Naturalmente, lo anterior no significa que si el profesor responde a una pregunta en concreto ya no haya que seguir trabajando, salvo en el caso de que la pregunta planteada sea simplemente una cuestión de hechos; pero si lo que deseamos es una explicación, o se comprende ésta o no hay explicación alguna. No obstante, cuando se dispone de un profesor vivo, se avanza por el camino que lleva a la comprensión del mismo, algo que no sucede cuando lo único con lo que se cuenta son las palabras del profesor escritas en un libro.

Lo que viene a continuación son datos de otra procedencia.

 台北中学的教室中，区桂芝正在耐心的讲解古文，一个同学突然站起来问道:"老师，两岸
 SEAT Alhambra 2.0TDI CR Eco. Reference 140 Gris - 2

En el colegio, los alumnos leen en muchas ocasiones libros difíciles con la ayuda y la guía de los profesores, pero para quienes no estamos en el colegio (y también para quienes sí lo estamos al intentar leer libros no obligatorios), la educación continuada depende fundamentalmente de los libros, de la lectura sin la ayuda de profesor. Por consiguiente, si estamos dispuestos a continuar aprendiendo y descubriendo, hemos de saber cómo extraer enseñanzas de los libros, precisamente el objetivo prioritario que persigue el presente libro.